[[ DATA RECORDS, beginning ]]
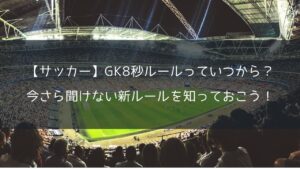 【サッカー】GKの8秒ルールっていつから?今さら聞けない新ルールを知っておこう!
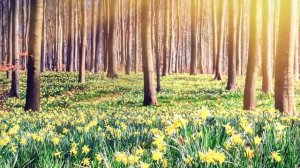 Красивая расслабляющая музыка, Устраняющая негативные мысли и эмоции, Музыка для сна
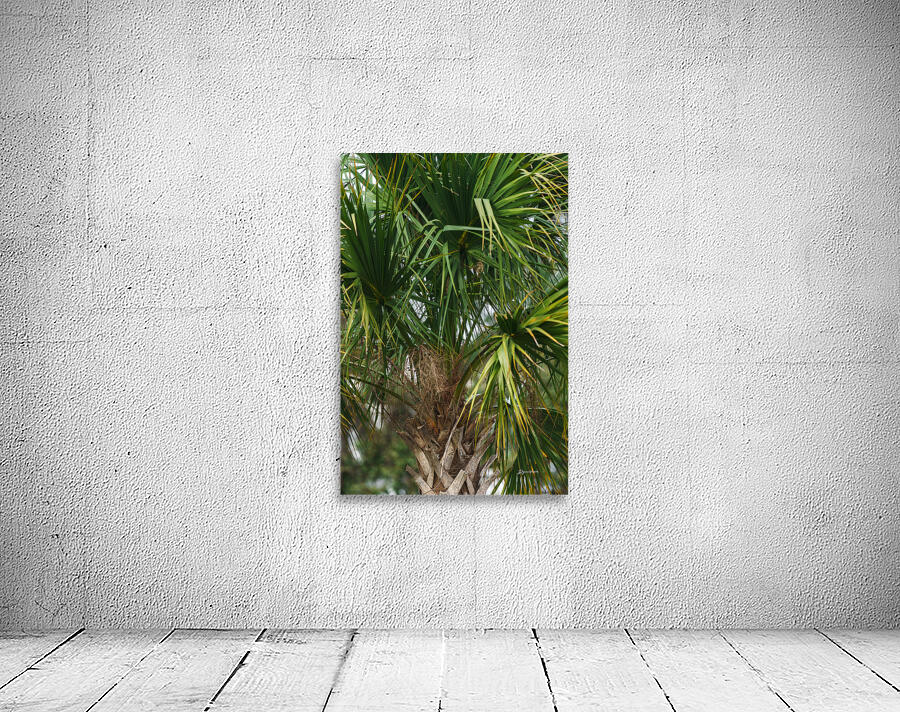 ARTISTIC EXPRESSION 29 Wall Preview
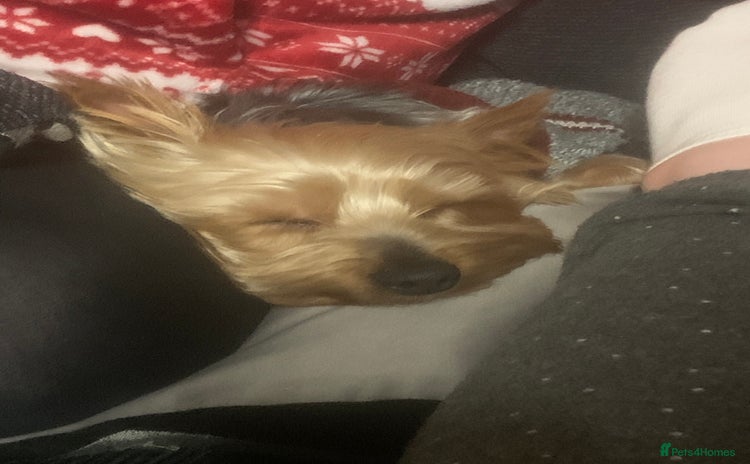 Yorkshire Terrier dogs - Advert 1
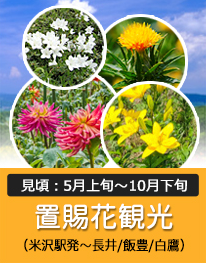 置賜花観光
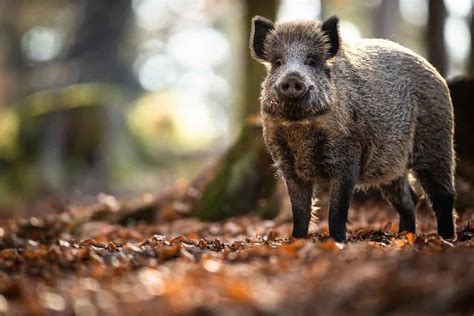 Wild Hogs in Michigan: How Many Are There and What Can Be Done About ...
[[ DATA RECORDS, end ]]
Reproduce the records exactly, images excluded.

 【サッカー】GKの8秒ルールっていつから?今さら聞けない新ルールを知っておこう!
 Красивая расслабляющая музыка, Устраняющая негативные мысли и эмоции, Музыка для сна
 ARTISTIC EXPRESSION 29 Wall Preview
 Yorkshire Terrier dogs - Advert 1
 置賜花観光
 Wild Hogs in Michigan: How Many Are There and What Can Be Done About ...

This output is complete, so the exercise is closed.